HEINZ EULAU AWARD: APSR

The Heinz Eulau Award is given annually for the best article published in the American Political Science Review in the past calendar year. The award is supported by Cambridge University Press.

Award Committee: Aseem Prakash, University of Washington, Chair; Michelle Dion, McMaster University; Martin Gilens, Princeton University

Recipients: Ariel White, Harvard University; Noah Nathan, Harvard University; Julie Faller, Harvard University

Title: “What Do I Need to Vote? Bureaucratic Discretion and Discrimination by Local Election Officials”

Citation: White, Nathan, and Faller examine an important contemporary political issue: voter identification (ID) laws that have emerged in 31 states. Because many citizens do not know if they need IDs to vote, or what type of IDs are required, they ask local officials for help. Using a field experiment involving 7,000 election officials in 48 states, the paper examines whether local election administrators discriminate in the information they provide to voters. In their experiment, the authors e-mailed local officials asking either what ID would be needed in the upcoming election, or whether the citizen was required to vote in the primary election in order to vote in the general election.

The paper finds that officials discriminate on the basis of ethnicity: administrators are less likely to respond to emails sent from Latino aliases as opposed to non-Latino white aliases. Further, responses to Latino aliases are of lower quality. The paper highlights the issue of racial profiling by local officials and how this leads to systematic bias against minority citizens who wish to exercise their franchise. The committee was impressed by the substantive issue of enquiry, which has far reaching implications for the study of democracy and equity.
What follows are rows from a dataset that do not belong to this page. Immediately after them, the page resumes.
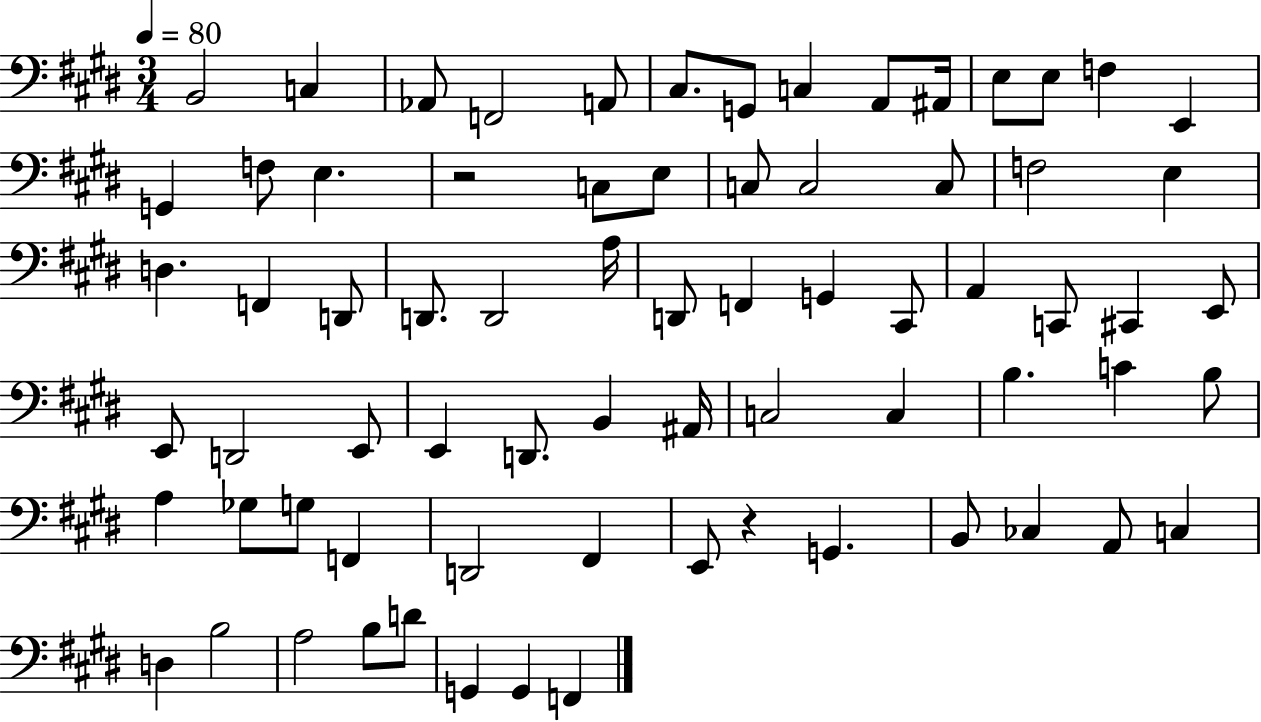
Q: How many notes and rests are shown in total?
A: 72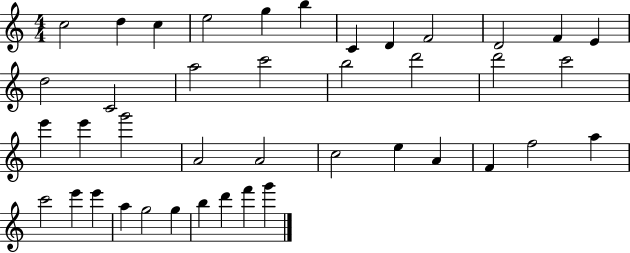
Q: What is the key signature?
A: C major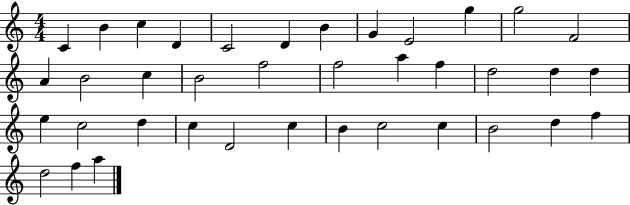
{
  \clef treble
  \numericTimeSignature
  \time 4/4
  \key c \major
  c'4 b'4 c''4 d'4 | c'2 d'4 b'4 | g'4 e'2 g''4 | g''2 f'2 | \break a'4 b'2 c''4 | b'2 f''2 | f''2 a''4 f''4 | d''2 d''4 d''4 | \break e''4 c''2 d''4 | c''4 d'2 c''4 | b'4 c''2 c''4 | b'2 d''4 f''4 | \break d''2 f''4 a''4 | \bar "|."
}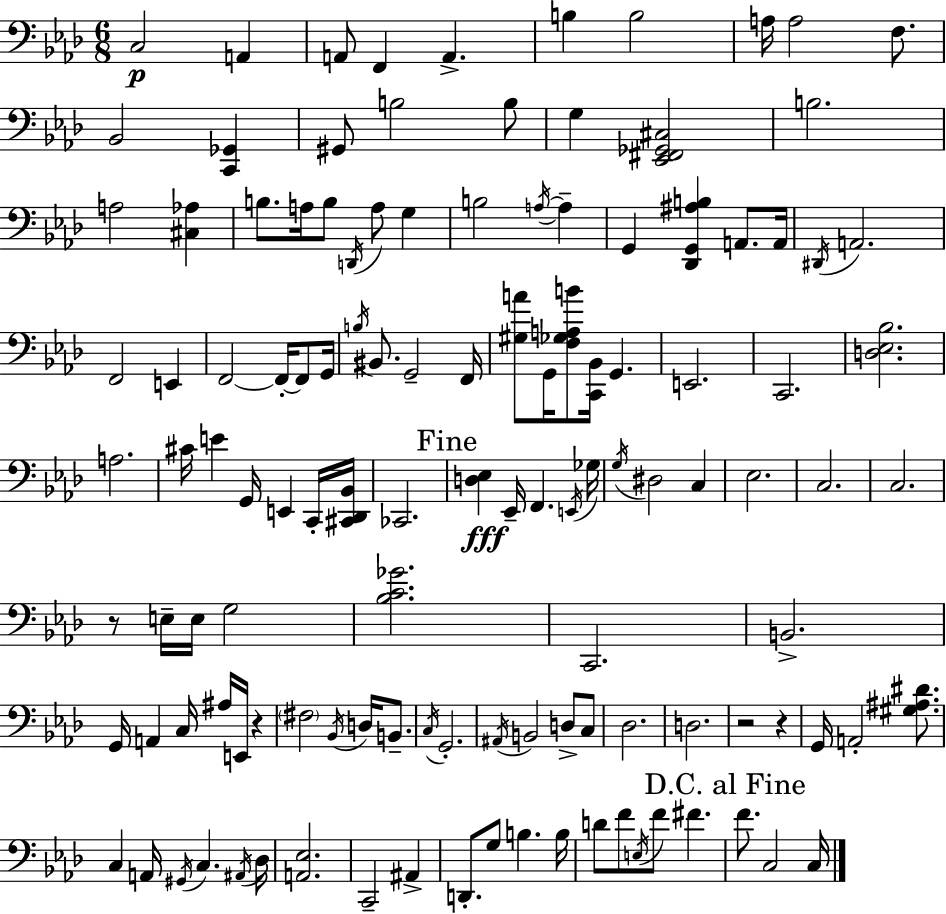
C3/h A2/q A2/e F2/q A2/q. B3/q B3/h A3/s A3/h F3/e. Bb2/h [C2,Gb2]/q G#2/e B3/h B3/e G3/q [Eb2,F#2,Gb2,C#3]/h B3/h. A3/h [C#3,Ab3]/q B3/e. A3/s B3/e D2/s A3/e G3/q B3/h A3/s A3/q G2/q [Db2,G2,A#3,B3]/q A2/e. A2/s D#2/s A2/h. F2/h E2/q F2/h F2/s F2/e G2/s B3/s BIS2/e. G2/h F2/s [G#3,A4]/e G2/s [F3,Gb3,A3,B4]/e [C2,Bb2]/s G2/q. E2/h. C2/h. [D3,Eb3,Bb3]/h. A3/h. C#4/s E4/q G2/s E2/q C2/s [C#2,Db2,Bb2]/s CES2/h. [D3,Eb3]/q Eb2/s F2/q. E2/s Gb3/s G3/s D#3/h C3/q Eb3/h. C3/h. C3/h. R/e E3/s E3/s G3/h [Bb3,C4,Gb4]/h. C2/h. B2/h. G2/s A2/q C3/s A#3/s E2/s R/q F#3/h Bb2/s D3/s B2/e. C3/s G2/h. A#2/s B2/h D3/e C3/e Db3/h. D3/h. R/h R/q G2/s A2/h [G#3,A#3,D#4]/e. C3/q A2/s G#2/s C3/q. A#2/s Db3/s [A2,Eb3]/h. C2/h A#2/q D2/e. G3/e B3/q. B3/s D4/e F4/e E3/s F4/e F#4/q. F4/e. C3/h C3/s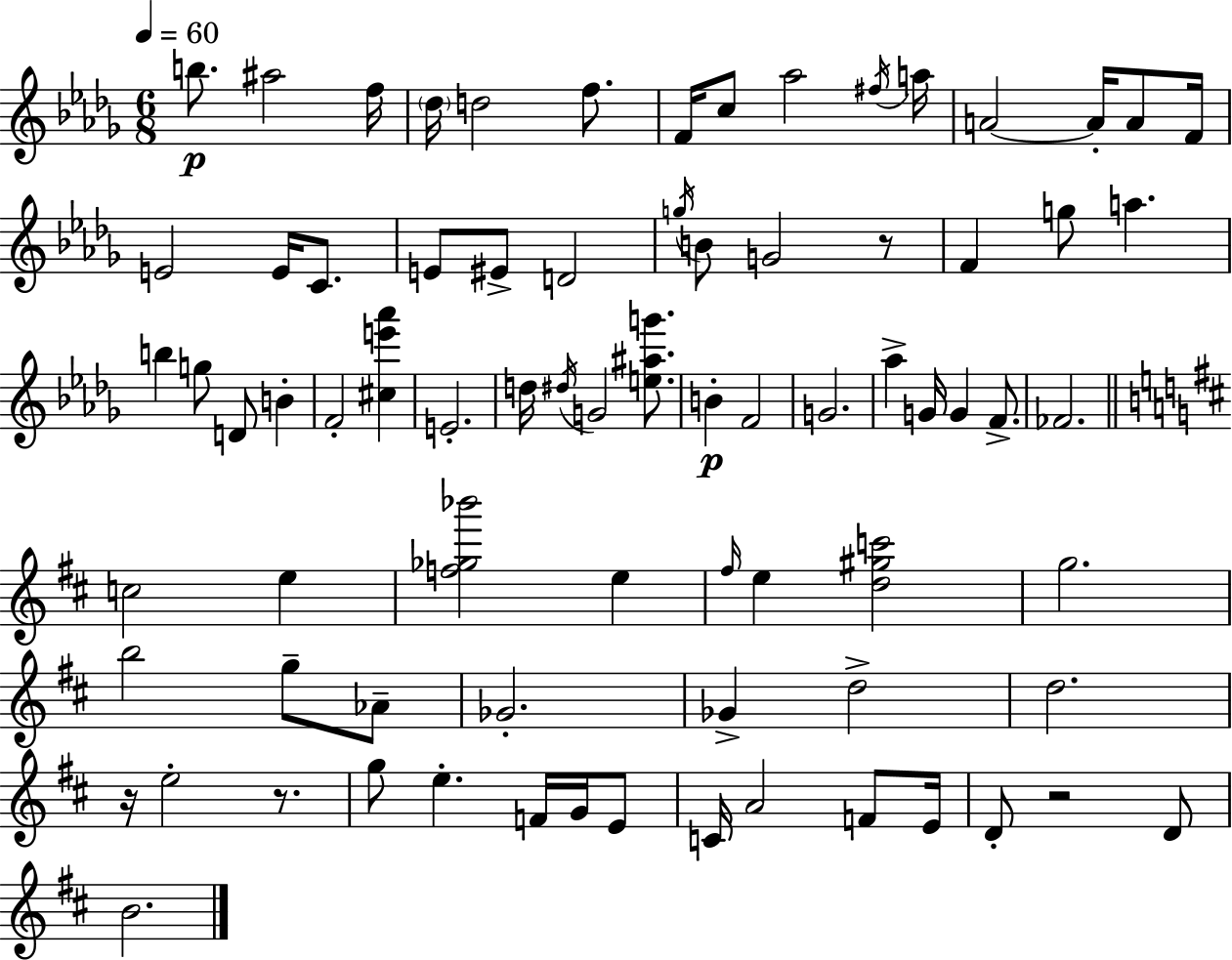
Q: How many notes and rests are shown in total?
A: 78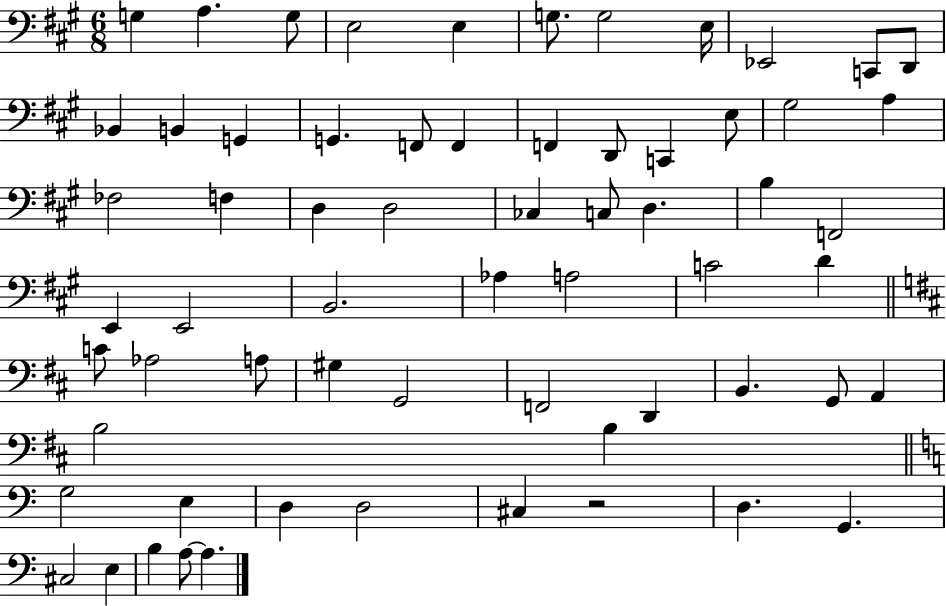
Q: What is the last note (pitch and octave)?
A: A3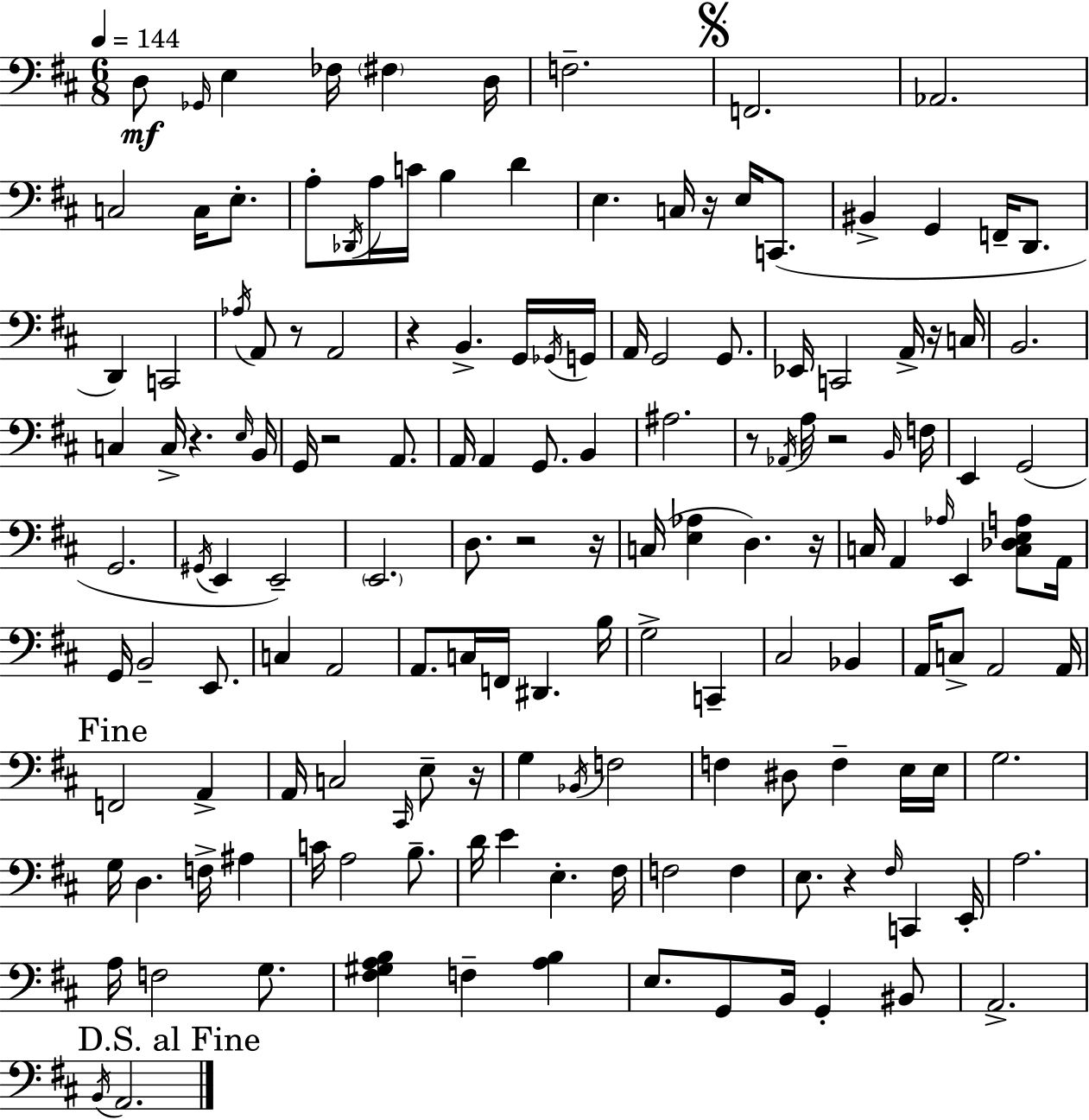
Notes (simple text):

D3/e Gb2/s E3/q FES3/s F#3/q D3/s F3/h. F2/h. Ab2/h. C3/h C3/s E3/e. A3/e Db2/s A3/s C4/s B3/q D4/q E3/q. C3/s R/s E3/s C2/e. BIS2/q G2/q F2/s D2/e. D2/q C2/h Ab3/s A2/e R/e A2/h R/q B2/q. G2/s Gb2/s G2/s A2/s G2/h G2/e. Eb2/s C2/h A2/s R/s C3/s B2/h. C3/q C3/s R/q. E3/s B2/s G2/s R/h A2/e. A2/s A2/q G2/e. B2/q A#3/h. R/e Ab2/s A3/s R/h B2/s F3/s E2/q G2/h G2/h. G#2/s E2/q E2/h E2/h. D3/e. R/h R/s C3/s [E3,Ab3]/q D3/q. R/s C3/s A2/q Ab3/s E2/q [C3,Db3,E3,A3]/e A2/s G2/s B2/h E2/e. C3/q A2/h A2/e. C3/s F2/s D#2/q. B3/s G3/h C2/q C#3/h Bb2/q A2/s C3/e A2/h A2/s F2/h A2/q A2/s C3/h C#2/s E3/e R/s G3/q Bb2/s F3/h F3/q D#3/e F3/q E3/s E3/s G3/h. G3/s D3/q. F3/s A#3/q C4/s A3/h B3/e. D4/s E4/q E3/q. F#3/s F3/h F3/q E3/e. R/q F#3/s C2/q E2/s A3/h. A3/s F3/h G3/e. [F#3,G#3,A3,B3]/q F3/q [A3,B3]/q E3/e. G2/e B2/s G2/q BIS2/e A2/h. B2/s A2/h.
HEINZ EULAU AWARD: PERSPECTIVES

The Heinz Eulau award is given annually for the best article published in Perspectives on Politics in the past calendar year. The award is supported by Cambridge University Press.

Award Committee: Aseem Prakash, University of Washington, Chair; Virginie Guiraudon, Sciences Po; Macartan Humphreys, Columbia University

Recipient: Rebecca Thorpe, University of Washington

Title: “Perverse Politics: The Persistence of Mass Imprisonment in the Twenty-first Century”

Citation: Rebecca Thorpe’s article, “Perverse Politics: The Persistence of Mass Imprisonment in the Twenty-first Century”, examines the political economy of mass incarceration. Thorpe argues that the economic interests of poor, rural areas interact with incarceration policies to create policy lock-in. Her careful empirical analysis suggests that prisons are located in poor rural areas because of the economic benefits they bring and that by providing a stable source of employment to rural and predominantly white communities, prisons play a distributive function that will make the carceral system resistant to reform. Thorpe’s study brings original data to examine a novel argument of importance to the scholarly and policy debate. Though focused on the US, the argument is general in nature and is likely to resonate well beyond the US context.